DIRECTIONS -
Nothing but the lines from the one containing "Image for card Flareon VMAX" through the last line of the data below should be returned, each copied exactly.

SUPPLIED RECORDS -
· · · · · · ·

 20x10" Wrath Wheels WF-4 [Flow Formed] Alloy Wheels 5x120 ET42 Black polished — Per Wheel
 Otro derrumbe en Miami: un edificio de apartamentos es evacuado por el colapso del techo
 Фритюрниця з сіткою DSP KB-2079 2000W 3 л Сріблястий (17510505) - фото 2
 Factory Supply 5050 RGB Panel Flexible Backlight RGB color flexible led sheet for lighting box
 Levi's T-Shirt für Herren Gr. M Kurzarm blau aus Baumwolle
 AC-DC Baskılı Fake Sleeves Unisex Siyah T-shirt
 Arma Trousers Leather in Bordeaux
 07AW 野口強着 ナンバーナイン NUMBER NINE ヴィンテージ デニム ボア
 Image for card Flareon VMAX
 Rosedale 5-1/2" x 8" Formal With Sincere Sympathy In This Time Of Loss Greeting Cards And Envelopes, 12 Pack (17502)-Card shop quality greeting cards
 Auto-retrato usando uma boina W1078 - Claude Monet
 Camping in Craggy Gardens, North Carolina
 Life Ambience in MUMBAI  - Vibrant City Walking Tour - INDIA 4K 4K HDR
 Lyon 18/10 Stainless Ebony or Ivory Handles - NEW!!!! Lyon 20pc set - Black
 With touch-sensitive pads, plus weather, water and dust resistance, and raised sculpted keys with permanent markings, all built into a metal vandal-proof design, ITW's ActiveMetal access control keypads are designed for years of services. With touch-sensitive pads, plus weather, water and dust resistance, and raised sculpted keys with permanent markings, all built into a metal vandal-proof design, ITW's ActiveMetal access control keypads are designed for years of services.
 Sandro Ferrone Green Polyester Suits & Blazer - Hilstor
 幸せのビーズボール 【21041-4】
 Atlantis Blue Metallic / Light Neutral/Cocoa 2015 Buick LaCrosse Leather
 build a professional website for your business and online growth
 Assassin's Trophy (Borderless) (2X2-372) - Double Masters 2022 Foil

· · · · · · ·

RESULT FOR THIS EXERCISE -
 Image for card Flareon VMAX
 Rosedale 5-1/2" x 8" Formal With Sincere Sympathy In This Time Of Loss Greeting Cards And Envelopes, 12 Pack (17502)-Card shop quality greeting cards
 Auto-retrato usando uma boina W1078 - Claude Monet
 Camping in Craggy Gardens, North Carolina
 Life Ambience in MUMBAI  - Vibrant City Walking Tour - INDIA 4K 4K HDR
 Lyon 18/10 Stainless Ebony or Ivory Handles - NEW!!!! Lyon 20pc set - Black
 With touch-sensitive pads, plus weather, water and dust resistance, and raised sculpted keys with permanent markings, all built into a metal vandal-proof design, ITW's ActiveMetal access control keypads are designed for years of services. With touch-sensitive pads, plus weather, water and dust resistance, and raised sculpted keys with permanent markings, all built into a metal vandal-proof design, ITW's ActiveMetal access control keypads are designed for years of services.
 Sandro Ferrone Green Polyester Suits & Blazer - Hilstor
 幸せのビーズボール 【21041-4】
 Atlantis Blue Metallic / Light Neutral/Cocoa 2015 Buick LaCrosse Leather
 build a professional website for your business and online growth
 Assassin's Trophy (Borderless) (2X2-372) - Double Masters 2022 Foil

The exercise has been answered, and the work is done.